Um Detalhe Menor conta a história verídica de uma jovem beduína em 1949 que, após sobreviver a um massacre orquestrado por soldados israelitas, é capturada, violada e assassinada. A essa história verdadeira, Adania Shibli junta a narrativa fictícia de “uma jovem mulher em Ramallah que, muitos anos mais tarde, descobre acidentalmente uma breve menção a esse crime brutal” e começa a investigar o caso, pode ler-se na sinopse do livro.
“Adania Shibli sobrepõe magistralmente estas duas narrativas translúcidas para evocar um presente para sempre assombrado pelo passado. Com uma prosa inquietante e precisa, Um Detalhe Menor evoca a experiência palestiniana do apagamento, da expropriação e da vida sob a ocupação, ao mesmo tempo que revela a complexidade permanente de se juntar as peças de uma narrativa ocultada por fragmentos de linguagem”, acrescenta o mesmo texto.

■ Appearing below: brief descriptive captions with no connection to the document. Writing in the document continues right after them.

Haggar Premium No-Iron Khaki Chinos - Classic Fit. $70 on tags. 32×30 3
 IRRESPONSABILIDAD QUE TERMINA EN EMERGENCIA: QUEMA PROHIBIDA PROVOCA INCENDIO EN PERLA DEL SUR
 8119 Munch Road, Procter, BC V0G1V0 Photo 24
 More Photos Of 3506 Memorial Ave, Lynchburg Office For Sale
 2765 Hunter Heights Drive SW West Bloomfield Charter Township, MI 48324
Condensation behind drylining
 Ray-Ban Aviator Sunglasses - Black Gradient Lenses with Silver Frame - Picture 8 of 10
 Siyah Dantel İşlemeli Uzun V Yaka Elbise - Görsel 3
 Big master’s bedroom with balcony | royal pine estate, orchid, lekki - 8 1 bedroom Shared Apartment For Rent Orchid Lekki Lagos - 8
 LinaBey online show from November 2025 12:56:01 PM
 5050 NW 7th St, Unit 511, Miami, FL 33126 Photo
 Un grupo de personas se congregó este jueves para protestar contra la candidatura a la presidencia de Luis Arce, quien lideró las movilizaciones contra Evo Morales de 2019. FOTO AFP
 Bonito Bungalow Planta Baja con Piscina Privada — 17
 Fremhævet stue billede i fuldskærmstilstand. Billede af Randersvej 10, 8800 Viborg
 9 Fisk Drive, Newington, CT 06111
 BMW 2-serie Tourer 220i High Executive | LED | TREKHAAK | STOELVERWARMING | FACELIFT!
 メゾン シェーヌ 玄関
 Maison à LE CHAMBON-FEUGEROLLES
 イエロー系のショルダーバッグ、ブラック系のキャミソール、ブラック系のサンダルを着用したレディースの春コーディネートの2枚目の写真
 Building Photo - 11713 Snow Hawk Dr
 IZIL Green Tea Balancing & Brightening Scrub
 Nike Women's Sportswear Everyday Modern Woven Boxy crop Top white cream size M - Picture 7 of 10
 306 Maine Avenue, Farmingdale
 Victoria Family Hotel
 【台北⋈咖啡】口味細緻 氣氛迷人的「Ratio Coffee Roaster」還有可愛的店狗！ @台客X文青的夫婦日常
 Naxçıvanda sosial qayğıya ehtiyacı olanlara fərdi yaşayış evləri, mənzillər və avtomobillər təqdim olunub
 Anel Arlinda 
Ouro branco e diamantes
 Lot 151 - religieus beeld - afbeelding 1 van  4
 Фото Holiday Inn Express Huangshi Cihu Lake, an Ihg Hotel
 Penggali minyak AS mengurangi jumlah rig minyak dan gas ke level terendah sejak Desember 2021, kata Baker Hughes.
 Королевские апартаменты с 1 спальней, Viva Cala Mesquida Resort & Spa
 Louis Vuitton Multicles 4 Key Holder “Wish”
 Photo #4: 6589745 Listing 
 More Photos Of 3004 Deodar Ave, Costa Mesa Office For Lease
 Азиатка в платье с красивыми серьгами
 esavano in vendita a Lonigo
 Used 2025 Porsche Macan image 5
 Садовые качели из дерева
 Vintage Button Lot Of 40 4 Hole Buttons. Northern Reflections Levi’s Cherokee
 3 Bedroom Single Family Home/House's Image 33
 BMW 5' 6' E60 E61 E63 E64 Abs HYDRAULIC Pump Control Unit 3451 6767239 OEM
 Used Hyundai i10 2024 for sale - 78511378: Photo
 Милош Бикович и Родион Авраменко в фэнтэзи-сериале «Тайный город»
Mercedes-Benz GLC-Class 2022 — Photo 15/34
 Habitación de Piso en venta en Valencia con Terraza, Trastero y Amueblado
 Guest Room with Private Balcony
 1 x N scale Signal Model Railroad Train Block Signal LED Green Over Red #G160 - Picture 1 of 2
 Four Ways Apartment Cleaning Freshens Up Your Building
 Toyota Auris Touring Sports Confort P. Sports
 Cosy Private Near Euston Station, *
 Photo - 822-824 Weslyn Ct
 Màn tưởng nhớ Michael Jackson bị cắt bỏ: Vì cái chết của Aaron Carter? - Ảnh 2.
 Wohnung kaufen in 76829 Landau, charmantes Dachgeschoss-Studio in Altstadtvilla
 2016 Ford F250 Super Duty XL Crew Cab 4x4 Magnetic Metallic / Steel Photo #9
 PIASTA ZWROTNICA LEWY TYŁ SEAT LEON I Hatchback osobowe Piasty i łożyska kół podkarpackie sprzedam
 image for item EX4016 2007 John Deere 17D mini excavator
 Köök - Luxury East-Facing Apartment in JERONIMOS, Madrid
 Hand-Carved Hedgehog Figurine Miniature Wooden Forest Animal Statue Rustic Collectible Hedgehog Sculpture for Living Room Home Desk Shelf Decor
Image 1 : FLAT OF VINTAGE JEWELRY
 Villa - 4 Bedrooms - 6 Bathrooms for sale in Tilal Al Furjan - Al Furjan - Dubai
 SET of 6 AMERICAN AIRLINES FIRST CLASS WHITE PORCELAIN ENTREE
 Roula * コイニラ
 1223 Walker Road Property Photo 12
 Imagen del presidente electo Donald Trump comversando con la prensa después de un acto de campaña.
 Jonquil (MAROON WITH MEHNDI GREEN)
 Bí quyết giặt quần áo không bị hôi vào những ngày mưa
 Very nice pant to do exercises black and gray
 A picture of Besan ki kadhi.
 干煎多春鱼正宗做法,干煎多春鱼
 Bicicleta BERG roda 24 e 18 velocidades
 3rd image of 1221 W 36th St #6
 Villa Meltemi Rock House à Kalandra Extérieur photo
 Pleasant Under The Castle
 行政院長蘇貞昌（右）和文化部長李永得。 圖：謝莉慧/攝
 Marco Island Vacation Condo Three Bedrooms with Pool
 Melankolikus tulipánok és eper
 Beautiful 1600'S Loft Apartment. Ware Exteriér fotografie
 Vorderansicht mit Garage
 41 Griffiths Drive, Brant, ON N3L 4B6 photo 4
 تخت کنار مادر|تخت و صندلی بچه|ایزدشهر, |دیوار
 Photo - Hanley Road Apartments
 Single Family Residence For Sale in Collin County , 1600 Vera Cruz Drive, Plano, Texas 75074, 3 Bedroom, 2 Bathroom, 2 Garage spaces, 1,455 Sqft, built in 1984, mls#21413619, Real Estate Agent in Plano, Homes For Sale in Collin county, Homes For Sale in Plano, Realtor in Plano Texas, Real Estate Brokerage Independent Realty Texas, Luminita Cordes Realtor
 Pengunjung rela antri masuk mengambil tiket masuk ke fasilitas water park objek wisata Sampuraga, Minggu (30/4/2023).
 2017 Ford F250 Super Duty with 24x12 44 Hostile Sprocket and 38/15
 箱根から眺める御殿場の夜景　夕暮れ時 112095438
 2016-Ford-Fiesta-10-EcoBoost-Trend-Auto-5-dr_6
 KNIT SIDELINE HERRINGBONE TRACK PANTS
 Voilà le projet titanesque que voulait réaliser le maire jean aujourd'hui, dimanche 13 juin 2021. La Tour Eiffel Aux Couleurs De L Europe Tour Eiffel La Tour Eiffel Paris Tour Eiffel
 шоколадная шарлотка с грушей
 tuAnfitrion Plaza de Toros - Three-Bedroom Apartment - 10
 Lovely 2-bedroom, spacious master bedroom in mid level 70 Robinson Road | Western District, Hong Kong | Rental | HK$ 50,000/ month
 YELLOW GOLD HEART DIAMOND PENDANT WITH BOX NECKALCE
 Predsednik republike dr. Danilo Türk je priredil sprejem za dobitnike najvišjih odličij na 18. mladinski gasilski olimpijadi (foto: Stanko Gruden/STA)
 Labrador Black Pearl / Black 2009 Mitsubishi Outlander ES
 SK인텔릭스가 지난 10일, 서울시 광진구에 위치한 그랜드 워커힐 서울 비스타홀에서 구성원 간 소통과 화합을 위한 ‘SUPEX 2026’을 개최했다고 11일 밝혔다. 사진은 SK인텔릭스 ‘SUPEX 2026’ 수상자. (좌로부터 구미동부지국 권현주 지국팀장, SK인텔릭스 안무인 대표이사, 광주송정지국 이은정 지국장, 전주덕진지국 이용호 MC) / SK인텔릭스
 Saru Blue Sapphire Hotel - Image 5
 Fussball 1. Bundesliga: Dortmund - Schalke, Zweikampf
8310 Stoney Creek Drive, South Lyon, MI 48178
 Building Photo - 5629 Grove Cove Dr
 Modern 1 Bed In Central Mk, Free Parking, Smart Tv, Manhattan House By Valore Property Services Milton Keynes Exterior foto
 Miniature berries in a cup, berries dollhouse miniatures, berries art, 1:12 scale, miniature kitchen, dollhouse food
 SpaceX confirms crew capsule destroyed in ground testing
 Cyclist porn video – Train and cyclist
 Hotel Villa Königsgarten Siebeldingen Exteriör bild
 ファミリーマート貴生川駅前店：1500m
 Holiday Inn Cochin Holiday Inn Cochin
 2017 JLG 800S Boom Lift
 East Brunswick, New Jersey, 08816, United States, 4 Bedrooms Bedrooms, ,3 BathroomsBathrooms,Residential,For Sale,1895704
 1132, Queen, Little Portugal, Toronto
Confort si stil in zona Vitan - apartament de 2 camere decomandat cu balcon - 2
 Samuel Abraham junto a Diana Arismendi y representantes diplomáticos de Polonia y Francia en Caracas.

A obra foi escrita originalmente em árabe. A sua tradução inglesa foi indicada para galardões como o prestigiado prémio Booker Internacional, em 2021.
Mas o livro também tem gerado controvérsia, sobretudo na Alemanha. A polémica começou no Verão, quando o jornalista Ulrich Noller deixou o seu cargo como um dos elementos do júri do prémio LiBeraturpreis, protestando contra a decisão de distinguir Um Detalhe Menor. Na semana passada, o crítico literário Carsten Otte argumentou no jornal Tageszeitung que a obra retrata todos os personagens israelitas como “violadores e assassinos anónimos”. “Pode um romance que retrata Israel como uma máquina assassina ser premiado?”, questionou. Segundo o El País, “muitos outros críticos elogiaram a obra, e a maioria deles” não falam em anti-semitismo.
Esta é uma ideia na qual a já referida carta aberta em solidariedade para com Adania Shibli também insiste. “Ao passo que o livro foi criticado como sendo anti-semita por dois jornalistas e editores literários, outros críticos sérios claramente refutaram isto na imprensa alemã e em outros fóruns”, escrevem os signatários, que incluem, por exemplo, Olga Tokarczuk, Abdulrazak Gurnah e Annie Ernaux, todos premiados com o Nobel da Literatura — em 2018, 2021 e 2022, respectivamente.
“Numa altura em que a Feira do Livro de Frankfurt emitiu um comunicado a dizer que quer tornar as vozes israelitas especialmente audíveis no evento, a organização está a diminuir o espaço para uma voz palestiniana”, consideram os autores da carta aberta. Estes entendem que o adiamento da entrega do prémio a Adania Shibli é uma "tentativa de silenciar a [sua] voz" e argumentam que a feira germânica, enquanto a mais importante do mundo editorial, tem a "responsabilidade de criar espaços para autores palestinianos poderem partilhar os seus pensamentos, sentimentos e reflexões sobre literatura nestes tempos terríveis e cruéis, não de os abafar”.
No seu comunicado, a LitProm disse que a decisão de adiar a cerimónia de entrega do prémio LiBeraturpreis fora tomada em conjunto com Adania Shibli. Ouvida pelo jornal britânico The Guardian, a agência literária da autora refuta esta versão dos acontecimentos.